L’image que donnent les télévisions française des pays africains ne contribue guère à l’amélioration de la chose, étant complètement fausse : « À propos d’images télévisées, j’en profite pour dire que j’ai toujours été étonné de voir que, même quand on parle d’un coup d’état à Abidjan, ville africaine assez moderne, les reportages de la télévision française ne montrent pas les palais présidentiels où se jouent les drames. Ils filment les quartiers pauvres, les marchés folkloriques et une foule exotique en diable. C’est comme si le jour de la mort du général de Gaulle ou du président Mitterrand, on avait présenté à la télévision ivoirienne, pour illustrer la France, le marché de Château-Rouge avec ses dealers, ses produits tropicaux avec et sa crasse ; le métro Barbès avec ses vendeurs à la sauvette ; ou une sortie de classes basanée et crépue aux Minguettes ; ou un innommable bidonville harki ; ou la sieste estivale des vieux Maghrébins du foyer Sonacotra des Tarterêts, assoupis sous les arbres environnants » Page 76.
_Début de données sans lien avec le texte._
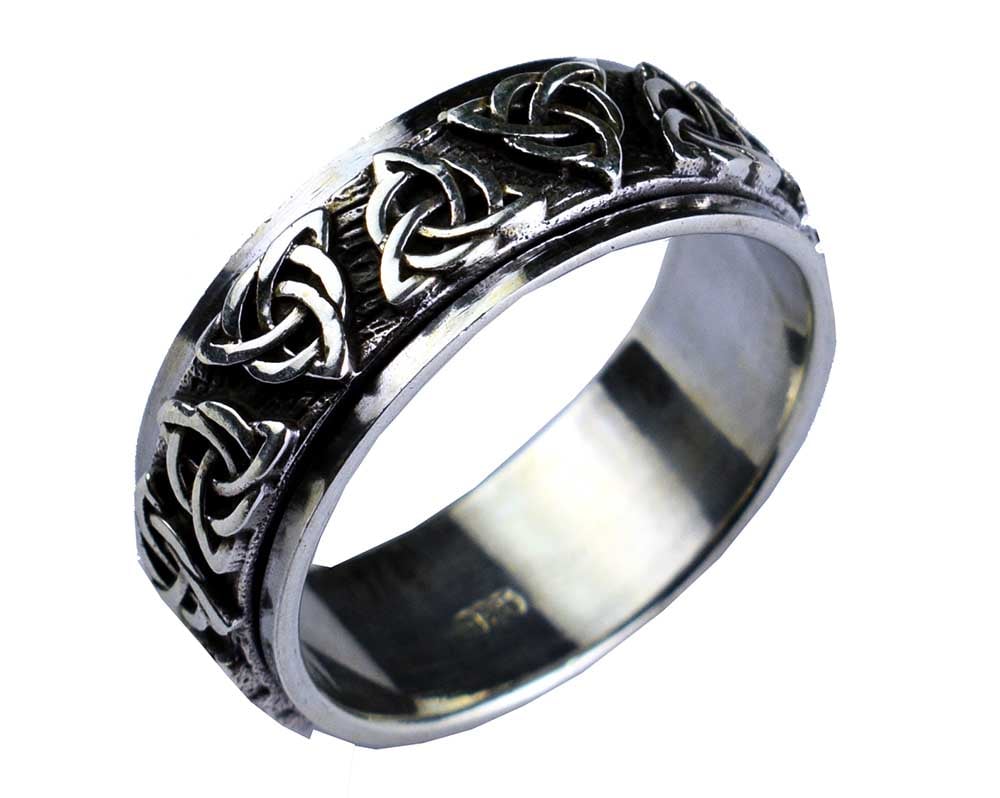Silver Ring Spinning Celtic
L’auteur a truffé son témoignage de blagues, d’anecdotes personnellement vécues, ou vécues par d’autres personnes, de son entourage par exemple. Portant surtout sur des clichés du noir, il les égraine tout au long du livre, le ton oscillant entre un humour presque tendre et une indignation sèche et dure. Dans la page 120, il commence le chapitre intitulé Je suis noir et j’en ai une petite ainsi : « Dans un cours de médecine, le professeur demande à une étudiante :
- Qu’est-ce qui chez l’homme, augmente sept fois de volume quand on l’excite ?
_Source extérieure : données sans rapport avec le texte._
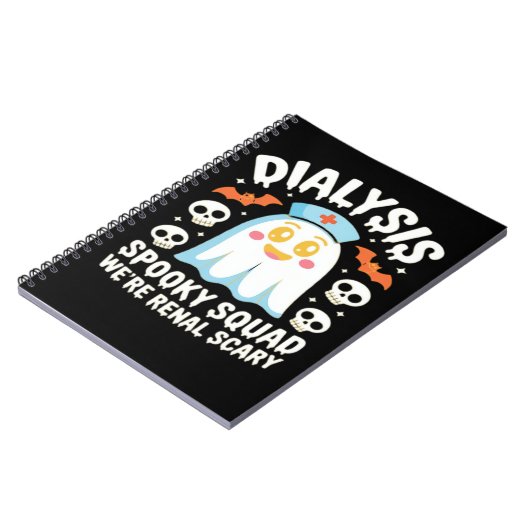 Dialyse Nefrologie Verpleegster Schattige Hallowee Notitieboek (Linkerzijde)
La jeune fille est rouge de confusion, et ne réussit pas à s’exprimer. Le professeur se rend compte de son trouble.
- Eh bien, mademoiselle, reprend-il, c’est l’iris de l’œil. Et pour ceux à quoi vous pensez, permettez-moi de vous mettre en garde. Vous risquez d’aller devant de grosses désillusions.
C’est pareil pour les noirs. Si l’on demande à une classe d’élèves infirmières blanches : « qu’est-ce qui est long et dur chez les noirs –notamment les camerounais- à Paris ? », nous savons que très peu répondront que ce sont les études. Pourtant, c’est réponse la plus juste. Et pour ce à quoi elles penseront, celles qui tenteront l’expérience pourraient être déçues. Ils ne font croire tout ce que l’on entend. »
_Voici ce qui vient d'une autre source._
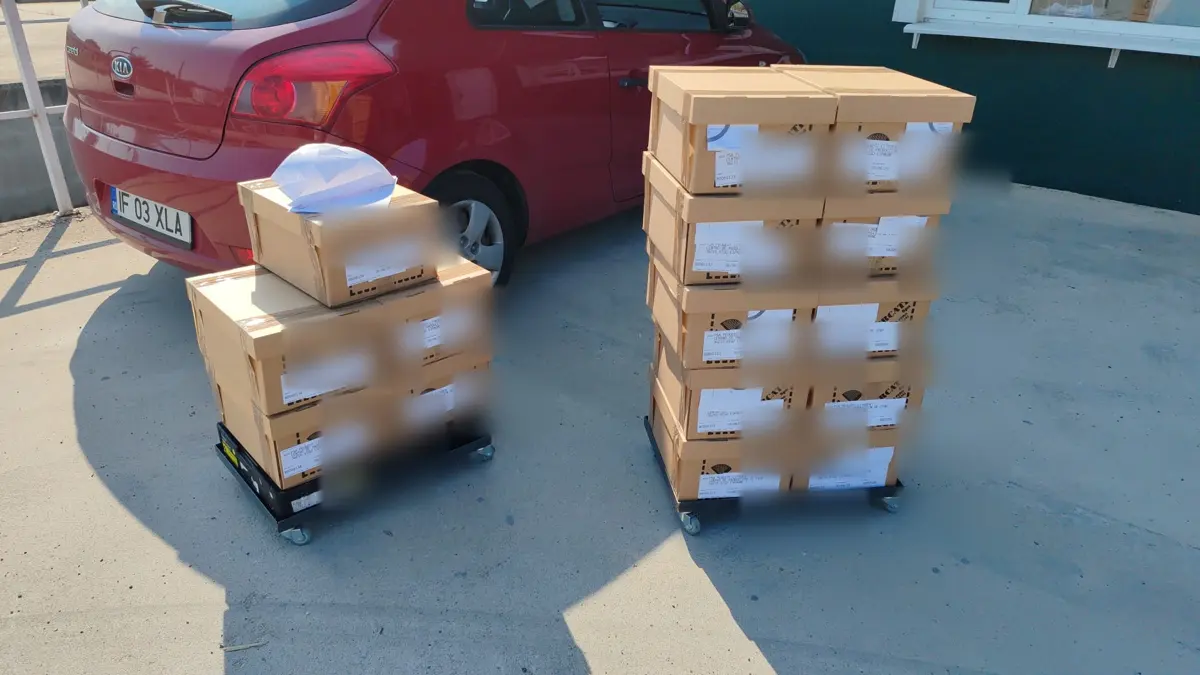 Secured OBC shipment prepared for onboard courier transport — photo 20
Quelque chose qui m’a marqué aussi et soulevé ici, c’est le complexe qu’on certains, de désigner le noir, en face de lui, ou par lui-même, craignant froisser ou se froisser, ou utiliser un adjectif péjoratif. Il en dit ceci page 104 : « Les hommes de la race dite noire sont des négroïdes. Leur véritable appellation devrait donc être nègre. Dans tous les cas, c’est l’appellation originelle. Cette appellation a été utilisé pendant des siècles jusqu’au lendemain de la Traite. Mais après la traite, véritable crime et génocide contre l’Afrique noire, le mot Nègre est devenu péjoratif. Ainsi, désigner quelqu’un de Nègre était assimilé à une insulte. Nègre signifiait désormais esclave. Son usage est resté confiné aux milieux foncièrement racistes et aux cercles artistiques et littéraires. » Et ajoute plus loin : « un jour, on n’aura plus le droit d’appeler un chat, un chat » Page 164
Amusant, instructif, ce livre devrait être un classique de la sociologie de l’intégration. C’est un classique.